You're right, sorry for my errors. In any case the null character has no special meaning in Java. Deco 06:39, 20 August 2005 (UTC)

Efficiency[edit]

I would really like to see a source for this:

"Null-terminated strings can also have efficiency benefits, since operations that traverse a string don't need to keep track of how many characters have been seen, and operations which modify the string's length do not need to update the stored length. Cache performance can also be better."

So have added citation needed. For one, on most architectures both a "subtract and jump if not zero" is identical to a "compare and jump if not zero". Yet by having the length first loops can be unrolled for far greater speed - something that is very difficult to do with a null terminator. For example, many languages that have known lengths are able to use sse2 and move 16 bytes at a time from a string - the same procedure to move a C style string performs atrociously in comparison. Themania (talk) 14:17, 28 January 2008 (UTC)

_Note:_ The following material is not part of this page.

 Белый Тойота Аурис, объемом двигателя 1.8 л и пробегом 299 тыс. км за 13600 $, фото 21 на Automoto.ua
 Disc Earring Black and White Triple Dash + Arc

The only operation that is faster is "give me the tail of this string". This is indeed O(1) for nul-terminated strings, while O(N) at least for all other usable representations of strings (a large object containing both an original pointer+length plus a current pointer+length would also be O(1) but has impractical overhead for other purposes). It is also true that software has taken advantage of this, which is one of the main reasons it is difficult to transition away from nul-terminated strings and why it often gets much slower. Typical example is passing a pointer to the middle of a string and assuming that is free.Spitzak (talk) 18:24, 22 September 2009 (UTC)
The original reason for nul termination is that with an overhead of one byte, you get unlimited string length. The alternative considered when this was done was a 1-byte length, which gave you a limit of 255 bytes. This length limit was much worse than the problems with not allowing one character value. Overhead of more than one byte was not even considered then, you would have been nuts to suggest it. This was when 4K was a typical memory size.Spitzak (talk) 18:24, 22 September 2009 (UTC)
SSE: Modern processors manipulate nul-terminated strings in units far larger than one byte in typical strcpy implementations. This is because you can do tests that will reveal if one of the bytes in the larger unit is nul and then do that last unit with byte-based code. So the SSE advantages are far less than you think. One disadvantage of nul-terminated strings is that they are often not page-aligned at the start, requiring special code at both the start and end of the string.Spitzak (talk) 04:29, 15 April 2010 (UTC)

ow, my brain![edit]

I'm no good at computer. 71.84.126.174 (talk) 08:51, 1 October 2010 (UTC)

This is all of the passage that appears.